Exercise 1.7 - Seccomp

Return to Workshop

Exercise 1.7 - Seccomp

Exercise Description

Secure Computing Mode (seccomp) is a kernel feature that enables you to filter system calls to the kernel from a container. The combination of restricted and allowed calls are arranged in profiles, and you can pass different profiles to different containers. Seccomp provides more fine-grained control than capabilities, giving an attacker a limited number of syscalls from the container. This exercise examines how seccomp works and how it can be employed to provide container security.

The default seccomp profile for containers is a JSON file and can be viewed here: https://github.com/docker/docker/blob/master/profiles/seccomp/default.json. It blocks 44 system calls out of more than 300 available. Making the list stricter would be a trade-off with application compatibility. A table with a significant part of the blocked calls and the reasoning for blocking can be found here: https://docs.docker.com/engine/security/seccomp/.
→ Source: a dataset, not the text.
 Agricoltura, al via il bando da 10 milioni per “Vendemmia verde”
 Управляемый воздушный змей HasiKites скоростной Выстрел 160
Berkeley Packet Filter (BPF)

Seccomp uses the Berkeley Packet Filter (BPF) system, which is programmable on the fly so you can make a custom filter. You can also limit a certain syscall by also customizing the conditions on how or when it should be limited. A seccomp filter replaces the syscall with a pointer to a BPF program, which executes that program instead of the syscall. All children to a process with this filter will inherit the filter as well. The command line flag used to operate with seccomp is --security-opt.

Section 1: Defining seccomp policy

The following is an example of how to explicitly define the default seccomp policy for a container:

sudo podman run --security-opt seccomp=/path/to/default/profile.json <container>

Step 1. Create the working directory

mkdir ~/seccomp
cd ~/seccomp
vim 1_chmod.json

Step 2. Copy the 1_chmod.json text below and paste it into the terminal window.

Press i for Insert, then cut and paste control + v, then escape and write the file esc, :wq.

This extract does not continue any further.